A cent'anni dalla nascita, attorno alla figura dello scrittore si intensificano studi e ricerche

"Sovente ho messo piede sui ponti che uniscono (o dovrebbero unire) la cultura scientifica con quella letteraria scavalcando un crepaccio che mi è sempre sembrato assurdo. C’è chi si torce le mani e lo definisce un abisso, ma non fa nulla per colmarlo; c’è anche chi si adopera per allargarlo, quasi che lo scienziato e il letterato appartenessero a due sottospecie umane diverse, reciprocamente alloglotte, destinate ad ignorarsi e non interfeconde. È una schisi innaturale, non necessaria, nociva frutto di lontani tabù e della controriforma, quando non risalga addirittura a una interpretazione meschina del divieto biblico di mangiare un certo frutto".

Riflette con quest'ampiezza di orizzonte Primo Levi ne L'altrui mestiere, l'opera saggistica pubblicata da Einaudi nel 1985 che raccoglie gli articoli pubblicati dallo scrittore su La stampa tra il 1976 e il 1984 (a parte due che sono del 1964 e del 1965). Una visione volta a creare ponti e non divisioni, che intende andare in direzione di una cultura multidisciplinare e senza barriere come unica via per provare a leggere la complessità del reale.

Oggi, a cento anni dalla sua nascita, avvenuta a Torino il 31 luglio 1919, guardiamo con questa prospettiva a Primo Levi, chimico, ebreo deportato ad Auschwitz, testimone sopravvissuto all'Olocausto, ma oggi sempre più letto e studiato per i suoi libri.
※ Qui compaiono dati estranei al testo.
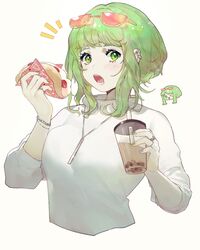  absurdres blue_nails bracelet breast_press breasts bubble_tea chibi chibi_inset commentary crepe cropped_torso cup disposable_cup drink drinking_straw earclip eating eyewear_on_head female food food_wrapper green_eyes green_hair green_nails gumi haiyahaiyohai hands_up highres holding holding_cup holding_drink holding_food jewelry large_breasts long_sleeves looking_at_viewer making-of_available multicolored_nails necklace open_mouth pendant red-tinted_eyewear ring shirt short_hair short_hair_with_long_locks sidelocks simple_background solo tinted_eyewear tongue upper_body vocaloid white_background white_shirt 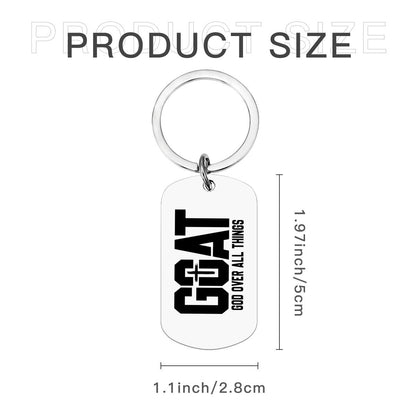 GOAT  Over All Things Double-Sided Stainless Steel Keychain - ClaimedbyGodDesigns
Se questo è un uomo è il lavoro di esordio di Primo Levi. Lo scrisse dopo essere sopravvissuto al campo di sterminio di Auschwitz e dopo aver attraversato l’Europa intera in un viaggio di ritorno durato più di otto mesi. In calce al racconto, egli indica due luoghi e due date, «Avigliana-Torino, dicembre 1945 - gennaio 1947»: ad Avigliana c’era la sede della fabbrica dove lo avevano appena assunto come chimico, a Torino la casa dov’era nato e dove avrebbe abitato per tutta la vita. 

Da ricordare che la prima edizione di Se questo è un uomo fu stampata da una piccola casa editrice torinese, la De Silva, dopo che alcuni grandi editori, fra cui Einaudi, avevano rifiutato il manoscritto. Uscì nell’autunno del 1947, in 2.500 copie. L’opera ebbe alcune recensioni autorevoli, tra cui quella di Italo Calvino, che lo definì "il libro più bello uscito dall’esperienza della deportazione".

Dovettero passare alcuni decenni prima che Levi fosse apprezzato come scrittore e non solo come testimone: oggi la lucidità di analisi, l'eleganza e la sobrietà che caratterizzano lo stile narrativo delle sue pagine, lo rendono uno degli autori più letti e studiati in tutto il mondo.